Dear Sadaqat, thanks for saying that no one has ever paid me for writing or expressing my views. I have nothing personal against Hamid Mir, Jama-i-Islami or the ISI. I knew a part of the history and I honestly shared it with LUBP readers.
You know that I have been single handedly writing about some American projects in Central Asia and you were witness to the resistance that I faced from some very powerful Americans. They were angry and thought that that I challenged their interests in Central Asia. Some influential American Christian groups are still after me. But I am fighting them because they are wrong.
I don’t need an ISI certificate to be a good Pakistani. I am not aware of the current role of the ISI in Pakistan. May be they have changed for the better that is why you are proud of them but in the 1980s and in the 1990s what I saw in Pakistan was terrible. That role of the ISI was certainly not patriotic. No sane Pakistani should be proud of the games that resulted in the death and destruction in Afghanistan and Pakistan.
Exposing such acts is a service to our country.

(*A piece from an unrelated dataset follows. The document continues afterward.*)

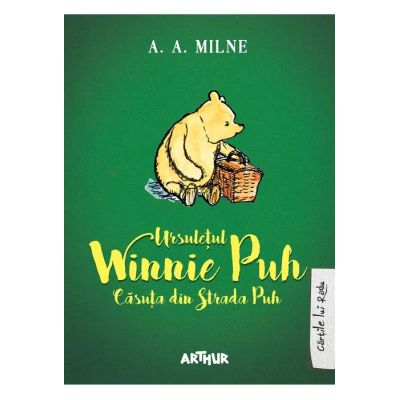 Ursuleţul Winnie Puh. Căsuţa din strada Puh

We need to build our image not on a hateful and narrow vision. The world should know that we are not blind. Yes, we should be proud but before we should figure out the source of our pride. We should sort out our true identity. Pakistan faces a very serious identity crisis. The identity imposed upon us is confused and false. It is based on a distorted and imaginary past. We need real soul searching such as why we are so insecure? Is our insecurity has a link with our arrogance and stubbornness? What is source of our superiority? If we are so good than why do some of us have a deep inferiority complex towards other nations and cultures? Some of us are proud of our Arab past, other Pakistanis find Central Asian roots as their origin and a large number of us copy Anglo-Americans and and in our day to day life display Victorian manners and values which even the Brits have given up. Yes, we have reason to be proud but those are different than what the Jamat-i-Islami and the ISI would like to tell us.